Proportion and Pattern of Chromosomal Abnormalities in Primary Amenorrhea in Kerala- A Retrospective Study
Dr. Sankar Vaikom Hariharan,
House no- TC 50/1641, SIVADAM, Thaliyal, Karamana (PO) Trivandrum, Thiruvananthapuram, Kerala, India.
Introduction: Primary amenorrhoea may be due to chromosomal abnormalities and identification of these abnormalities is important for counselling and management of these individuals.
Aim: To identify the prevalence of chromosomal abnormalities in a cohort of primary amenorrhoea patients and to evaluate the various pattern of chromosomal abnormalities.
Materials and Methods: This retrospective study was conducted at Government Medical College, Thiruvananthapuram, Kerala, India (serves as a referral centre for most of south Kerala and adjoining districts of Tamil Nadu), from January 2013 to December 2020. All phenotypically females, in the age group of 15-30 years, attending the Genetic Clinic with a diagnosis of primary amenorrhoea were evaluated with karyotype from peripheral blood as per the standard protocol. An abstraction proforma was used to collect the data from the master case sheet available in the genetic laboratory. Cytogenetic abnormalities were described as per the standard International System for Human Cytogenomic Nomenclature (ISCN). For statistical analysis, proportion of cases with chromosome abnormality in the cohort was described as percentage.
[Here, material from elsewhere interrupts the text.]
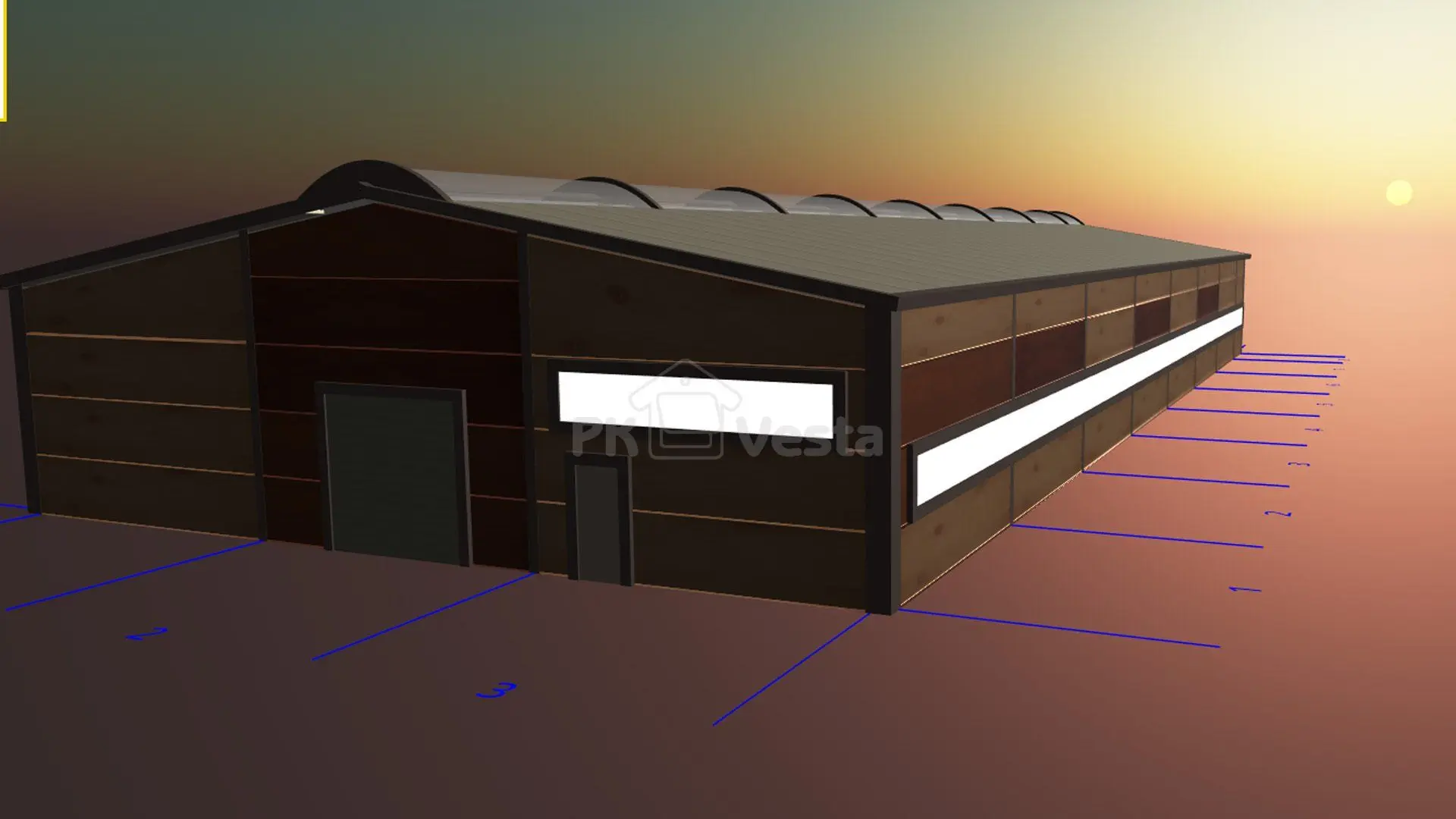 ПК Веста объявляет заказ быстровозводимого склада 18 х 45.5 х 5.4 с необычным дизайном в г. Москва, Россия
Results: Chromosomal analysis revealed 25.5% (38 out of 149) with abnormal karyotype. Among the abnormalities, the most common abnormality was 45, X (12, 31.6%) Turners syndrome. Other abnormalities included sex reversal female (46, XY) in six (15.8%), isochromosome Turner syndrome in five (13.1%), partial deletion in X chromosome in three (7.8%) and various combination of mosaic pattern in nine (23.7%) cases. Hypergonadotropic hypogonadism was significantly associated with chromosomal abnormality.
Conclusion: Cytogenetic abnormality is a cause for primary amenorrhoea in a significant proportion of cases and karyotype should be an integral part of evaluation in such cases. In resource limited settings, karyotype is having more clinical utility in cases with hypergonadotropic hypogonadism.